Był to komentarz po głosowaniu w Sejmie nad projektem o zmianie ustawy o sposobie ustalania najniższego wynagrodzenia zasadniczego pielęgniarek i położnych z 5 i 6 grupy, stworzonym przez OZZPiP. Decyzją głosujących posłów, projekt został skierowany do dalszych prac Komisji Zdrowia i Komisji Finansów.
– Wierzymy, że dalsze prace przyniosą upragniony rezultat uznania posiadanych przez nas kompetencji i zmniejszenia różnic płacowych – dodała Ptok.
O co walczyły pielęgniarki i położne?
1 lipca 2022 r. wprowadzona została nowelizacja ustawy o sposobie ustalania najniższego wynagrodzenia zasadniczego niektórych pracowników podmiotów leczniczych. Pielęgniarki i położne słusznie spodziewały się związanego z tym chaosu, któremu można było zapobiec. Zarząd wystąpił wówczas z propozycją zmian, mających na celu wprowadzenie do ustawy koniecznych z punktu widzenia środowiska poprawek, które Senat RP przyjął, ale niestety Sejm RP odrzucił.
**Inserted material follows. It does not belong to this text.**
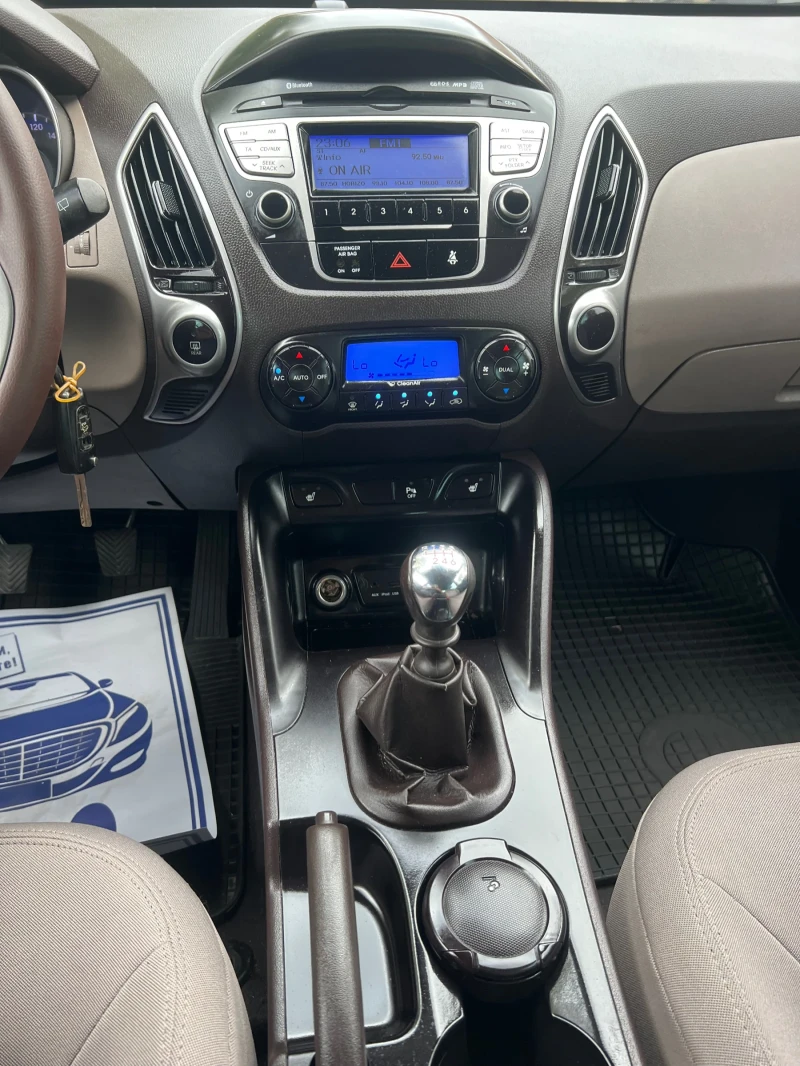 Hyundai IX35 2.0 CRDI, снимка 11 - Автомобили и джипове - 51627222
- PRZECZYTAJ TEŻ: Dyrektor ZOZ w Leżajsku: rząd dąży do upadku szpitali!
Ustawa w dzisiejszym kształcie doprowadziła do licznych degradacji i dyskryminacji zawodowej pielęgniarek i położnych w Polsce. W całym kraju doszło do fali protestów, w tym do ogólnopolskiego, który odbył się 23 maja br.
Pielęgniarki i położne poszły również do sądów, które najczęściej orzekają korzystnie na ich rzecz. Do dziś toczy się blisko 3 tysiące spraw o dyskryminację i degradację pielęgniarek, co tylko dowodzi wadliwości nowelizacji z 1 lipca.
– Przegłosowany dziś projekt daje nadzieję, na to, że miejscem polskich pielęgniarek i położnych przestanie być sala sądowa czy sejmowa mównica, a będzie nim obecność przy łóżku pacjenta – mówi Krystyna Ptok.
Celem postulowanych przez środowisko zmian, jakie zostały zawarte w obywatelskim projekcie o sposobie ustalania najniższego wynagrodzenia, były przynajmniej cztery punkty:
- podniesienie współczynników pracy dla 5 i 6 grupy zawodowej, co wpłynie na wzrost ich zarobków;
- powiązanie wynagrodzenia z faktycznie posiadanymi kwalifikacjami, a nie kwalifikacjami wymaganymi;
- gwarancja przekazywania środków na pokrycie wzrostu minimalnego wynagrodzenia określonego ustawą w ramach systemu świadczeń zdrowotnych finansowanych ze środków publicznych;
- zaliczenie każdej pielęgniarki i położnej do grupy o wyższym współczynniku od następnego miesiąca po udokumentowaniu uzyskanych przez nią kwalifikacji.